Diamond Cut - Diamond make
People tend to confuse between cut with shape. When talking about cut we refer to the quality of its polish (the precision in which it was cut). Does the diamond have fire and brilliance? Does it shine as it should? This is one of the most important things to check. If you buy online make sure to look at the diamond's picture and preferably also a 360 video in order to thoroughly examine it - do not rely solely on the certificate (I recommend going through our buying diamonds online guide and read the safety tips).
Some shapes are more sought after than others and therefore will probably make the diamond easier to sell later on. Stay away from irregular shapes like a kite, triangular etc. In the more common shapes the ultimate is the round, and then comes the princess, cushion cut, oval and radiant, then pear shaped, heart shaped and marquise. Note that there are hardly round colored diamonds since it is harder to maintain the color in rounds (you usually "lose" one intensity degree due to the way light goes through round brilliants). So manufactures of colored diamonds would often prefer a cushion or oval. This is also why a round colored diamond will be much more expensive.
Diamond Size - Carat Weight
If you consider the lower end colored diamonds such as fancy yellows and browns then try to stay above 1.00 carat. Even there, it would be most sensible to buy diamonds weighing next to the classic weight steps as it might be more sought after later on. For example, a 1.00 carat fancy yellow diamond makes more sense than an equivalent 1.30 carat yellow diamond which will also cost you at least 30% more. Here are several interesting steps: 1.00ct, 1.50ct, 2.00ct, 2.50ct, 3.00ct, 4.00ct and of course the 5.00 carat diamonds.

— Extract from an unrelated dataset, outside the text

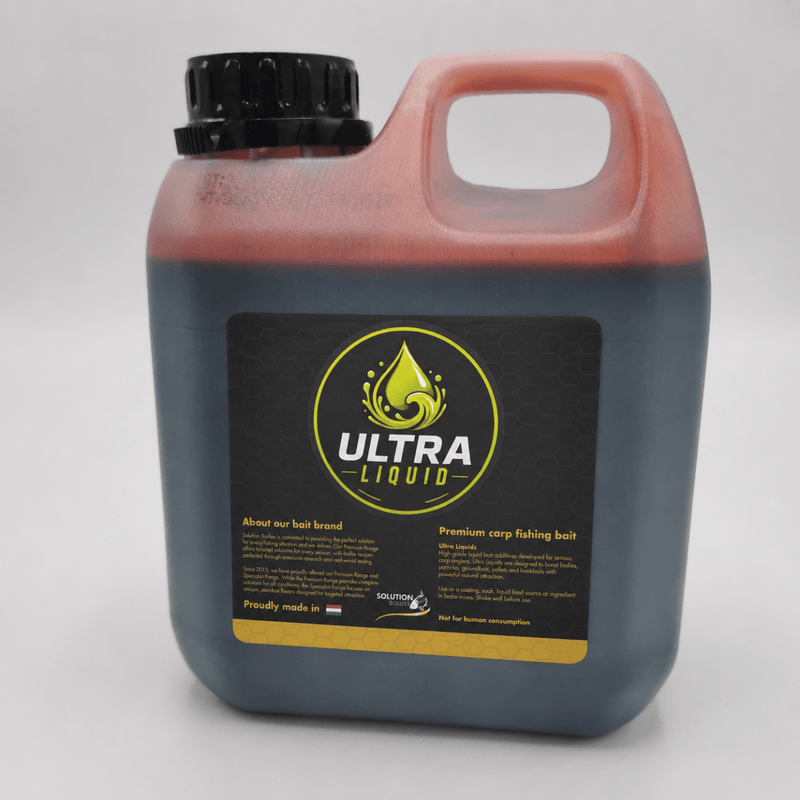 Ultra Płyn z Larwami Ochotki - 1L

0.13ct Intense Pink DiamondRegarding the higher-end diamonds such as greens, blues, pinks, purples and obviously reds - people go down in weight till even 0.15ct or less in order to be able to put their hands on, to afford, such gems.
There are amazing 0.15ct diamonds such as intense pink and vivid blue that are worth tens of thousands of dollars per carat that are snatched almost instantly. 15 points is OK. However, if possible, our recommendation is going above 0.20-0.25ct and if possible and you can afford it then even 0.50ct.

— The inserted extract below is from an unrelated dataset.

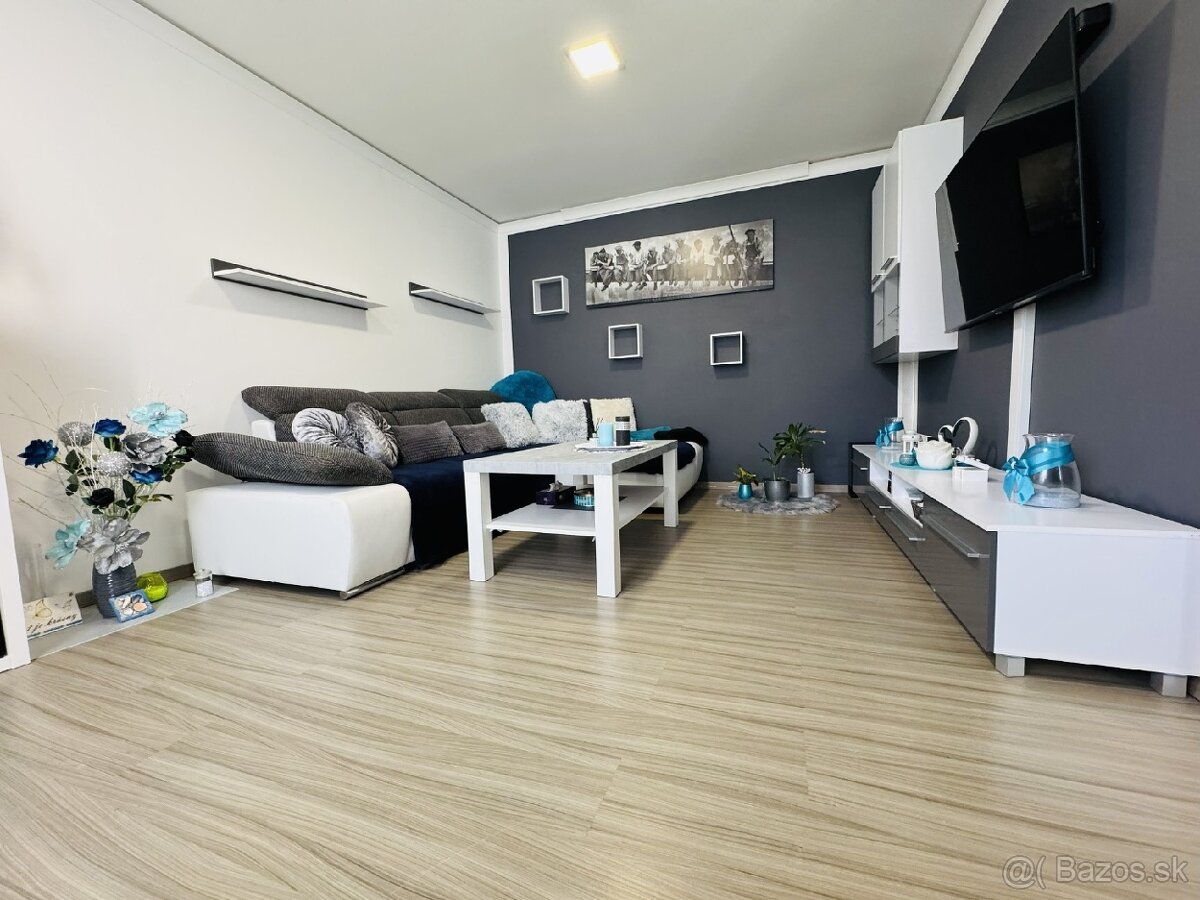 Na predaj zariadený 2i byt v centre mesta Malacky. - 3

Heads up, diamonds prices go up exponentially along with the weight. A half a carat intense pink diamond can easily cost six times more than an equivalent 0.20ct this is because its price per carat is much higher and the carat weight itself is 2.5 times higher - multiply the two and there is your result.

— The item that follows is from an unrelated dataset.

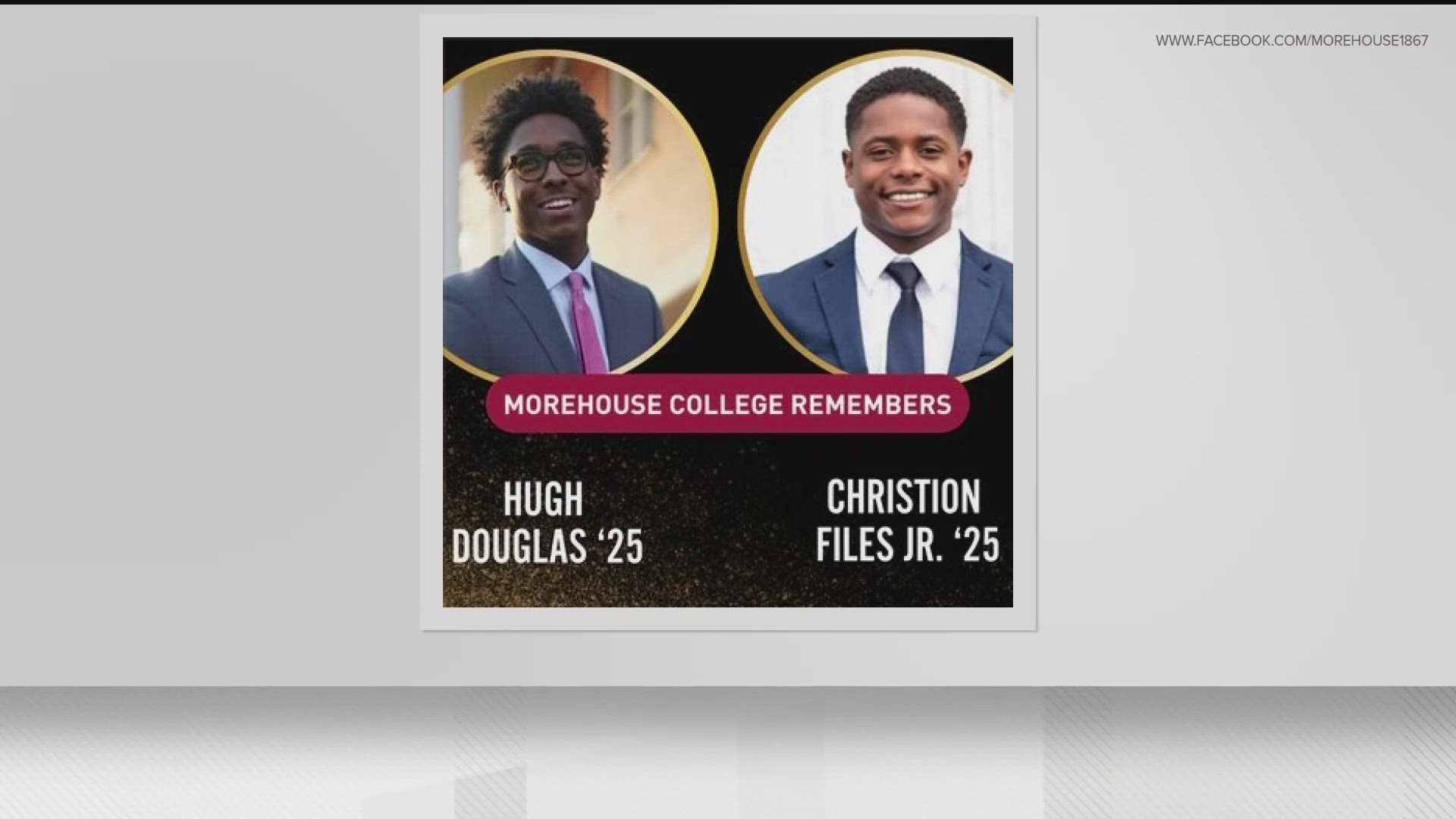 Morehouse Mourns Students Killed In Crash | 11alive.com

Stronger is better! In yellow diamonds go above fancy yellows, try to get to Intense Yellow Diamonds. In the higher colors, fancy light will be a good entry point. A fancy light blue with obvious blue color is highly demanded because it is a lot more affordable (still not cheap) than fancy blue yet you still get a blue diamond. In Light and Faint colored diamonds the color is much harder to notice, especially in delicate colors like pink and green and therefore less recommended for investment.
Concluding Colored Diamonds Investment
Going through our do's and don'ts above you are left with a limited yet wide range of possibilities that are left to your judgment. For your convenience, we have created a display section investment diamonds with diamonds we think are worth looking at for all the reasons mentioned above.
However, whether it is better to buy a 3 carat intense yellow diamond vs2 with no fluorescence or a half a carat fancy blue it is up to you. No one knows now which has better chances to appreciate more in few years and which will be easier to sell. But, as long as you follow our recommendations which are based on our experience, your decision will be an educated one.